Chiquita Jackson started this school year at the University of Kansas with a historic opportunity: She was elected to serve as the first president of the Multicultural Student Government. The University of Kansas MSG was born in the in fall, 2015 following the student protests and hunger strike by black students and boycott by football players at the University of Missouri. In 2015, the student government at the University of Kansas became a contested site of race and representation; in response, students of color created a separate governing body, the Multicultural Student Government, in 2016. Jackson was elected the organization’s president in 2017, making her both the first to lead the organization and one of the few black women leaders on campus.
But by February, the story turned bleak and messy. Jackson, a 23-year-old senior majoring in political science, was removed from office after only one semester. Two black men led the effort to remove Jackson from office. Anthonio Humphrey, former vice president of MSG, said that she mishandled funds, behaved disrespectfully toward members and was unfair to other racial minorities. This ultimately led to the organization’s call for her resignation.
Ariana Jenkins, a recent graduate of the University of Kansas, said misogyny played a role in ousting Jackson. Jenkins pointed out that a former chief of staff for the organization had been accused of mishandling funds but was given an opportunity to make repayment. Unlike Jackson, that student is a man. “He was given the chance to reimburse MSG, but Jackson was not given that same chance,” Jenkins said. “The protocol in the entire removal process was very messy. There was not enough time for them to highlight the points in which they were trying to dismiss her from the presidency.”
The challenges to Jackson’s leadership exhibit the obstacles that black women face on college campuses when they find themselves in positions of power.
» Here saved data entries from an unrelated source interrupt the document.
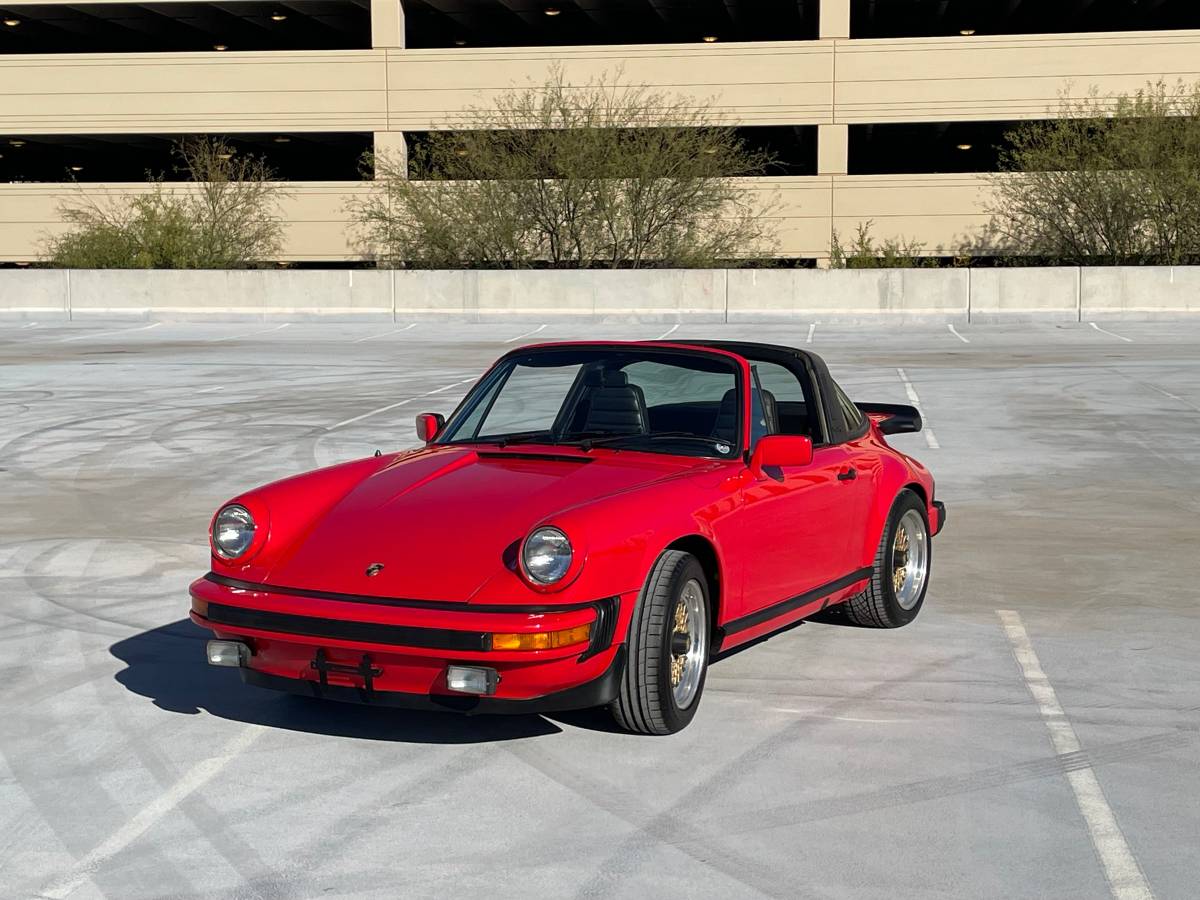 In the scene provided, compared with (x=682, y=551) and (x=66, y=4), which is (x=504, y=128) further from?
(x=682, y=551)

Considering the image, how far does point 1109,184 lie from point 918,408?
25.9 m

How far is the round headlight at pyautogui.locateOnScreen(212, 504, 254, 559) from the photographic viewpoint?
19.3 ft

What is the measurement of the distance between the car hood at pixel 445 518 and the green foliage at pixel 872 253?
3618cm

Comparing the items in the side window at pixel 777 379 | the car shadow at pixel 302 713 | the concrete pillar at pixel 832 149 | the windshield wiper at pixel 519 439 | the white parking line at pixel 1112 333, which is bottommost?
the car shadow at pixel 302 713

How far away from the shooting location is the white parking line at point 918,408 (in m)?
14.9

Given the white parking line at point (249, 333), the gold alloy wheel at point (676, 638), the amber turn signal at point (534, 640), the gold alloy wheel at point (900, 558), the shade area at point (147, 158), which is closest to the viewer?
the amber turn signal at point (534, 640)

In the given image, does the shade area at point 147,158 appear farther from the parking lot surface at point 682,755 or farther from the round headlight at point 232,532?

Regardless of whether they are students or administrators, when black women are leaders in academia, they are forced to face the twin hurdles of racism and sexism. This kind of resistance to their leadership, along with institutional barriers, may contribute to the dearth of black women leaders on college campuses: Only 7 percent of student body presidents in the 2017–18 school year were black women, according to an American Student Government Association database. In 2016 only 5 percent of college presidents were women of color, while 25 percent were white women, according to the American Council of Education.
Where Are the Black Women Leaders?
Despite being underrepresented in campus leadership, black women receive a majority of higher-education degrees earned by all black students, earning 68 percent of associate’s degrees, 66 percent of bachelor’s degrees, 71 percent of master’s degrees and, 65 percent of doctoral degrees, according to the National Center for Education Statistics.